# Stuff & Fins



## Ishmael (Sep 30, 2015)

Hey there! I'll be trying to maintain a journal here of my fish family. I started a few weeks ago with my first tank since years, bought a few fish and my betta's and by now I have three tanks. 

Here's my current setting. I'm still working on all three and keep trying to find better alternatives. 

*Main Tank *(+ betta breeding tank) 









*Breeding Tank *currently with babies born this weekend from my HM male and VT female. On this picture I hadn't cleaned it yet (male was just removed) but I clean it every day now. 










*Secondary Tank* - This tank is for my second male betta, a black CT. I'm still looking for a name for this little guy. 










Beside these three I have a spare tank in case there's a new fish and/or illness. Also if I really have a baby outbreak (I'm planning on maintaining this, though) I could use this. 

*The Fish
*_Note: sadly the female betta's mostly have damaged fins. I bought them like this. They are recovering well! I don't have pictures of all my fish yet either. 

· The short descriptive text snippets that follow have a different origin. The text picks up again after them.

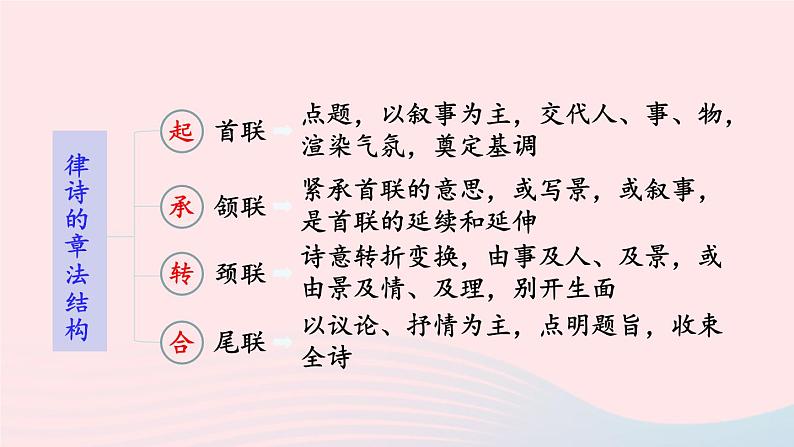2023八年级语文上册第三单元13唐诗五首考点精讲课件（部编版）第4页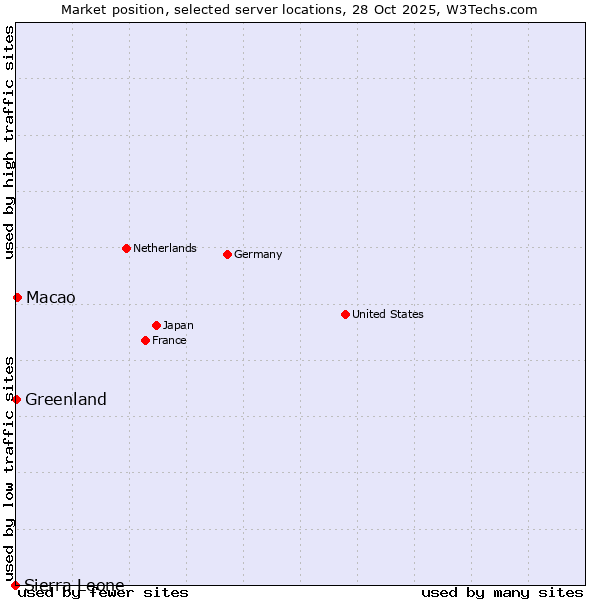 Market position of Macao vs. Greenland vs. Sierra Leone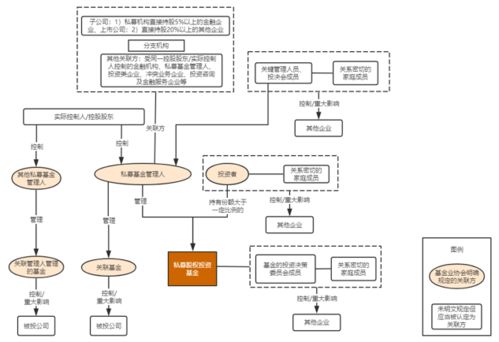 私募基金關(guān)聯(lián)交易系列之一 私募股權(quán)投資基金關(guān)聯(lián)方的認定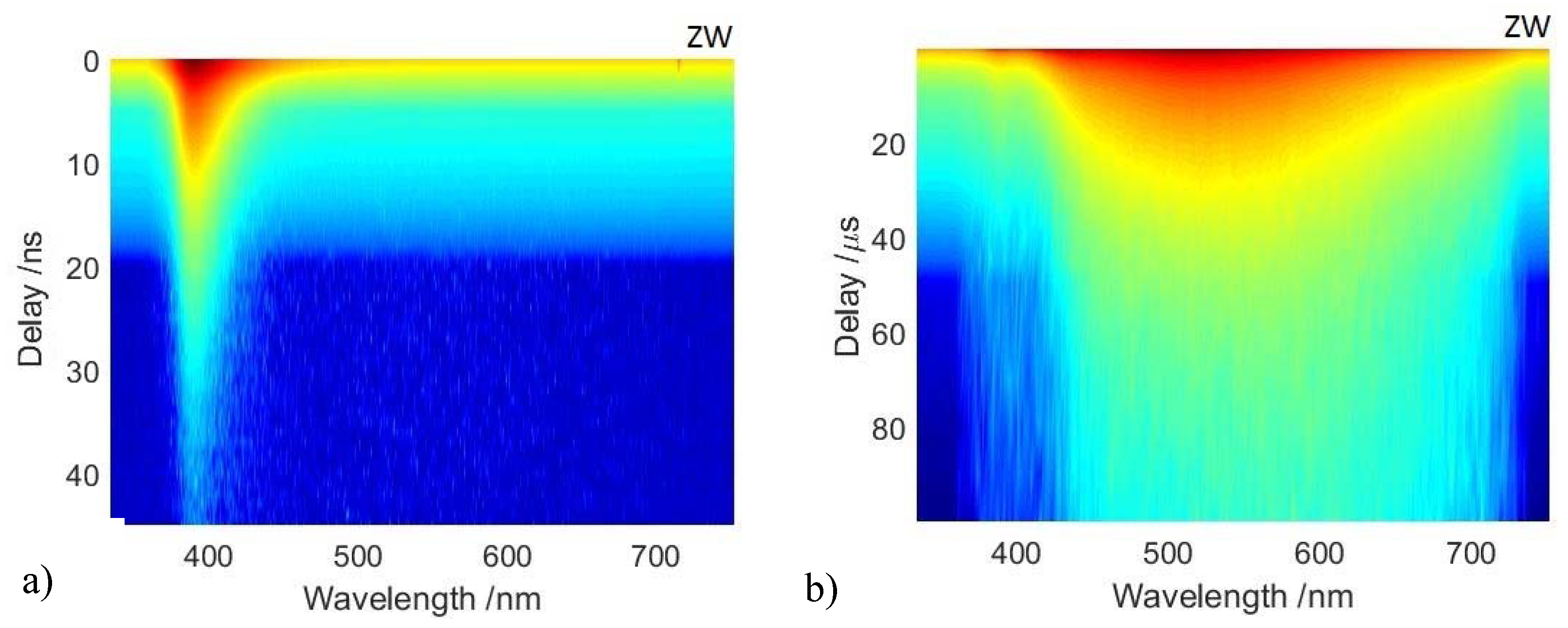 Materials 10 00340 g002a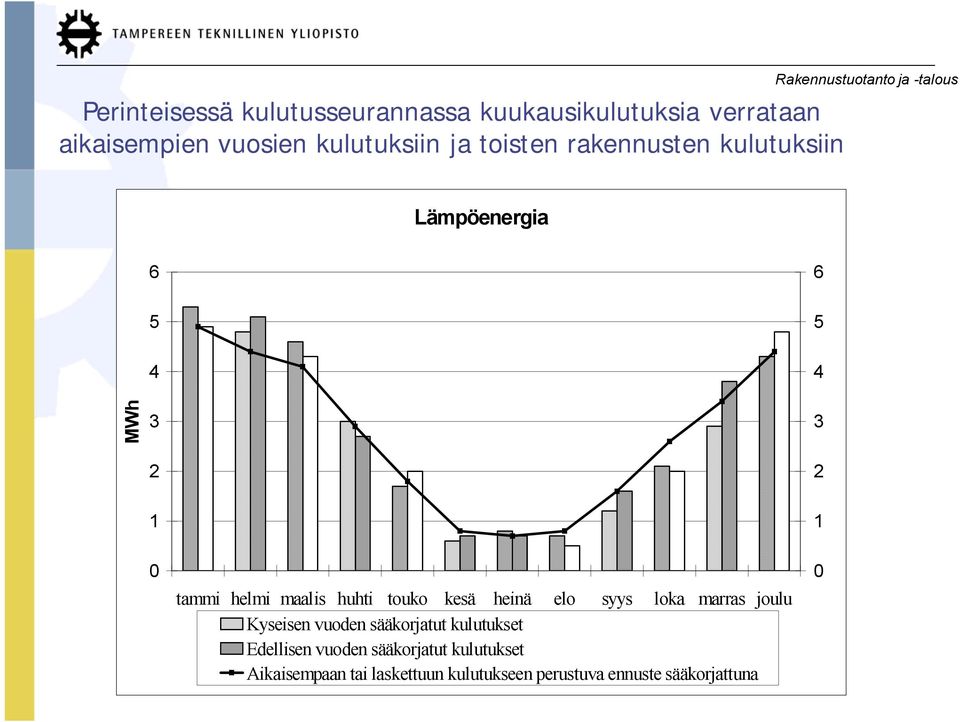maalis huhti touko kesä heinä elo syys loka marras joulu Kyseisen vuoden sääkorjatut kulutukset Edellisen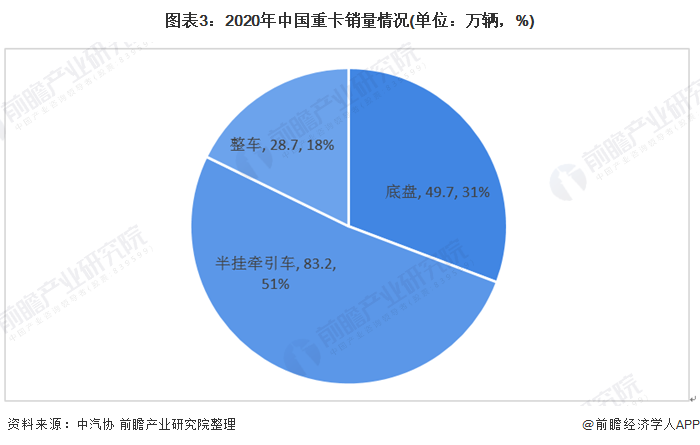 图表3:2020年中国重卡销量情况(单位：万辆，%)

_The main tank has various fish, like two rainbow sharks (a youngster and a big albino) tetra's, and some danio's. Also, the betta's that aren't breeding currently reside here with my first male, Ishmael. 

The tetra's and my two rainbow sharks: 




























The albino has the personality of an old grumpy man trying to chase youngsters (tetra's) out of his yard. It's always very amusing to watch the fish be fishing about. The young rainbow shark stalks the bigger one, even though the feeling isn't very mutual. 

I have two male betta's and 6 females (a bit much, maybe? However, I do make sure it's not too crowded for them - all my betta's have found their own place in the tanks by now). 

The black male, CT. 
Sadly his face is blurred :c









Ishmael, my favourite boy. 










Some females: 




























(I'll have photo's of all of them later)

And the *babies*! This picture was taken a few days ago. 










This thread might also be a little for me to look back on how I started and if I've improved or to see, if anything might go wrong, what I can do better. I hope you all like my fish as much as I do!


----------



## Ishmael (Sep 30, 2015)

Because I like him so much, here's a bit more of Ishmael: 

He's a very cool fish, always minding his own business and being lazy










Sometimes I just like looking at his fins.










He seems particularly attached to this ornament. This also makes that if he moves tanks (like recently, after he cared for the babies back to the main tank) I just move this piece with him or he'll sulk on his plant all day long. 










And the other male's favourite hobby is blowing bubbles for his nest all day long...


----------